Los románticos muestran, como los epicúreos aunque en una onda menos filosófica, un anhelo de unidad y totalidad en el mundo físico envolvente que es compatible con el canto a la diversidad cultural: esto es muy ecologista y ya en el 'Manifiesto de Daimiel' (julio de 1978), una de las primeras reuniones programático-ideológicas del movimiento ecologista, se establecía el “rechazo al monopolio de la normalidad”, así como la condena de la uniformidad que impone la vida económica.
Y, como planteamiento persistente y de calado, algo más que dudas sobre el progreso, ni siquiera el material (científico-tecnológico, diríamos), que es una corriente crítica en la que los ecologistas nos hemos insertado activamente. Esto se relacionaba con la angustia sentida por las pérdidas perceptibles, culturales e incluso físicas, y no podía evitar un aire general pesimista, que llega al fatalismo en ocasiones. Esta nota, la del fatalismo romántico (ese que refleja la frecuente muerte joven de aquellos artistas e intelectuales, bien por la tuberculosis o la peste, bien por suicidio o en duelo) aparece de forma simultánea con el exaltado optimismo que lucen casi todos, abriéndose paso en un mundo que se empeñan en hacer nuevo. Y coincide, en ambos extremos con el ecologismo militante, que es ecopesimista ante la degradación ambiental, pero infatigable sin embargo en toda lucha que pueda contener este proceso. Unos y otros creen que es el empuje de la voluntad humana lo que hace posible la (tan necesaria) transformación del mundo.
Aunque de mi modesta biblioteca romántica el libro que más me ha interesado y formado (en mis notas, preciso “en el período 1993-98”, no recuerdo ahora por qué) ha sido El romanticismo (1997), del profesor, filósofo y politólogo inglés Maurice Cranston, he disfrutado inmensamente cuando he leído textos como El romanticismo: tradición y revolución (M. H. Abrams, 1992) o Romanticismo. Una odisea del espíritu alemán (R. Safranski, 2009). Y reconozco haber caído, entusiasmado, ante La república de los espíritus libres (P. Neumann, 2021), centrado en el llamado 'Círculo de Jena' que fue, en gran medida debido a la personalidad de Goethe, el crisol del romanticismo alemán (el más potente).

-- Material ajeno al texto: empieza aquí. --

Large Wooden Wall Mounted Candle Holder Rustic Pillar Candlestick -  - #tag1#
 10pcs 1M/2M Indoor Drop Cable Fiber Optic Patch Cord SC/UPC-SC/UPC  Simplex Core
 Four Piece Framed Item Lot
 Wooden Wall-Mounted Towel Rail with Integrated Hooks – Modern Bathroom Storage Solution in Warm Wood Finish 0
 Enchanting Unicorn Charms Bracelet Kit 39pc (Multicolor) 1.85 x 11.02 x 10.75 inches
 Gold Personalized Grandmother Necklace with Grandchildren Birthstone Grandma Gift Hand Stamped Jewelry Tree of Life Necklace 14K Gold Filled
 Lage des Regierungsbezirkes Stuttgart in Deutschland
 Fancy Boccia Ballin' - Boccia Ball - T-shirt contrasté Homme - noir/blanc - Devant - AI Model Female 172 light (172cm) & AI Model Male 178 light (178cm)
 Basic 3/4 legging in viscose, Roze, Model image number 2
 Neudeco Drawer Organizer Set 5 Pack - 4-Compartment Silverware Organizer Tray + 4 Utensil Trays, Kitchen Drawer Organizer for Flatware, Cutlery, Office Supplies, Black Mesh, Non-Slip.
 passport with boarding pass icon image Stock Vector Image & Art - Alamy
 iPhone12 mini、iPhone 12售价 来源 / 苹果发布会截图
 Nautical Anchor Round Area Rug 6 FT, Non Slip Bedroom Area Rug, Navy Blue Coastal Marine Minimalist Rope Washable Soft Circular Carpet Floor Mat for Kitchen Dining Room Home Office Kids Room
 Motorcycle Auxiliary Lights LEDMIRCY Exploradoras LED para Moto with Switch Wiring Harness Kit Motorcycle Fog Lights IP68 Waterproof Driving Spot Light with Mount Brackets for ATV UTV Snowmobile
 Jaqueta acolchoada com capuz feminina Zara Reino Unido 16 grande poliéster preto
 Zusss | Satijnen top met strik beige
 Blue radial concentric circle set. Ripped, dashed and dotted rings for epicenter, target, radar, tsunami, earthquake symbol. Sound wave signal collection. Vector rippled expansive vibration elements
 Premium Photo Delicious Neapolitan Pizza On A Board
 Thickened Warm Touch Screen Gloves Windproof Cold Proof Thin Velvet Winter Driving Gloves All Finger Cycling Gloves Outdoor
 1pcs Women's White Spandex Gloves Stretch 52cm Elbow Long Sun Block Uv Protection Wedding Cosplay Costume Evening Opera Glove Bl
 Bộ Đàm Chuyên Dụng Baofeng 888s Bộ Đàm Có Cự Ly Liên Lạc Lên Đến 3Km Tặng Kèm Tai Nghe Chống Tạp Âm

Pero para dar pistas sobre el ecologismo, aunque apenas lo mencione, Isaiah Berlin nos vale siempre: por ejemplo, con Las raíces del romanticismo (1999), pero también con el genial El fuste torcido de la humanidad (1992). No he encontrado, sin embargo, trabajo alguno que relacione, directamente, romanticismo y ecologismo, tarea que sigue pendiente (y que el lector podrá ir explorando).